Nella tarda antichità la storia della regione diventa frastagliata. Con la crisi dell’impero romano essa fu inserita nella nuova organizzazione dell’impero intrapresa da Diocleziano. Tessalonica fu scelta come sua capitale dal nuovo Cesare dell’Est Galerio e la Macedonia divenne centro della politica romana in Oriente. Il graduale inserimento nelle truppe imperiali e nella provincia di barbari ne facilitò le successive scorrerie che avviarono la regione verso una Dark Age (Snively). Ancora oggi, suo malgrado, la Macedonia fa notizia incastrata com’è nella contesa tra The Former Yugoslav Republic of Macedonia, che ha eletto Skopje come sua capitale, e la Grecia: motivo dell’agone i simboli del glorioso passato, primo tra tutti il nome Macedonia e la Stella/Sole di Verghina simbolo della dinastia regnante macedone (Danforth).

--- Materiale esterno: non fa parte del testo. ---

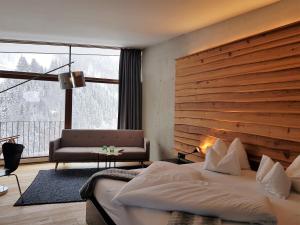 a bedroom with a large bed and a large window at "Quality Hosts Arlberg" Hotel Lux Alpinae in Sankt Anton am Arlberg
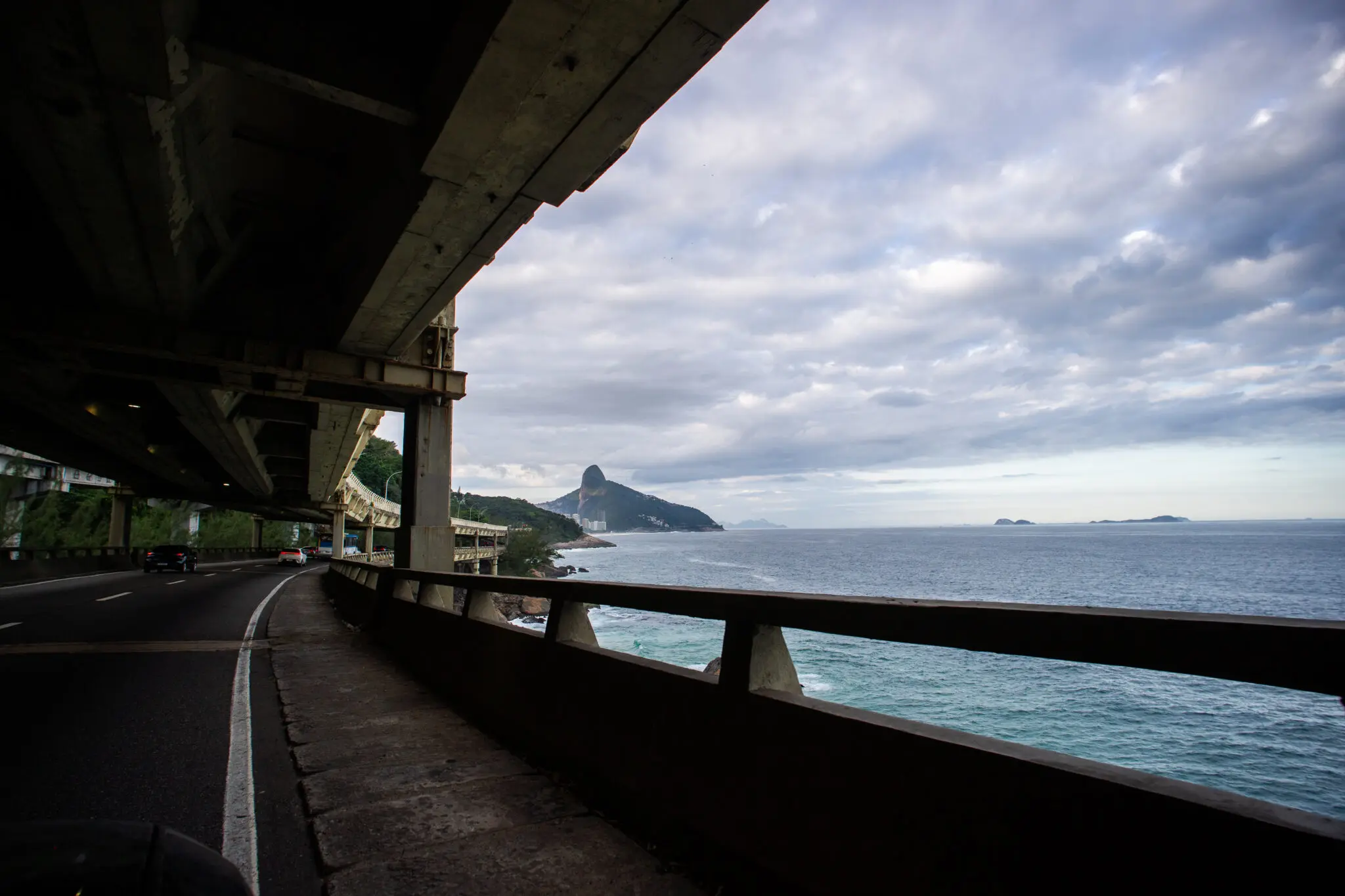 Estrada ao lado do mar com ponte e muro de proteção.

Nonostante l’ampiezza e la varietà dei temi trattati, le differenti prospettive dalle quali alcuni problemi (ad esempio quello delle fonti) sono trattati, e le interpretazioni avanzate nella lettura di alcuni dati (e.g. il titolo di Philellenos per Alessandro I ritenuto da Engels una prova della non ellenicità dei Macedoni, da Sprawski invece un epiteto coniato in età successiva) il volume presenta una sua ottima omogeneità e, in linea con gli obiettivi di partenza indicati dagli editori Roisman e Worthington, conduce il semplice lettore, lo studente e lo specialista lungo le diverse linee di sviluppo della storia della Macedonia. La geografia della regione, la sua crescita economica attraverso i re che la governarono, il grado di civiltà raggiunto dalla sua popolazione, il rapporto con genti vicine contribuiscono a meglio chiarire il ruolo della Macedonia nel mondo antico e a tracciarne linee di sviluppo autonome dal mondo greco prima e romano poi, cui gran parte della tradizione letteraria, contrassegnata e a volte condizionata da prospettive di parte, la riteneva comunque subalterna.
Notes
1. Ad esempio: Joseph Roisman (ed.), Brill’s Companion to Alexander the Great (Leiden 2003); Ian Worthington, Philip II of Macedonia, New Haven, 2008.
2. È significativo in questo caso il trattamento riservato alla figura di Dario III che, nel suo ruolo di nemico di Alessandro e dei suoi alleati greci, viene dipinto dalle fonti re codardo. Nel caso della spedizione di Alessandro in Asia, il tema della storia scritta o determinata dal vincitore è più che mai evidente Su questo tema ha richiamato ripetutamente l’attenzione Paul Briant: cfr. ad es. il suo Darius dans l’ombre d’Alexandre, Paris 2003, ma anche Giuseppe Squillace, La voce del vinto? La lettera di Dario III ad Alessandro Magno a Marato nel 332 a.C. Nota a Diodoro XVII 39,1-2, «Mediterraneo antico», 2006, 9, n. 1, pp. 355-365; La costruzione di un casus belli per Filippo II e Alessandro Magno, «Athenaeum» 2012, in corso di stampa.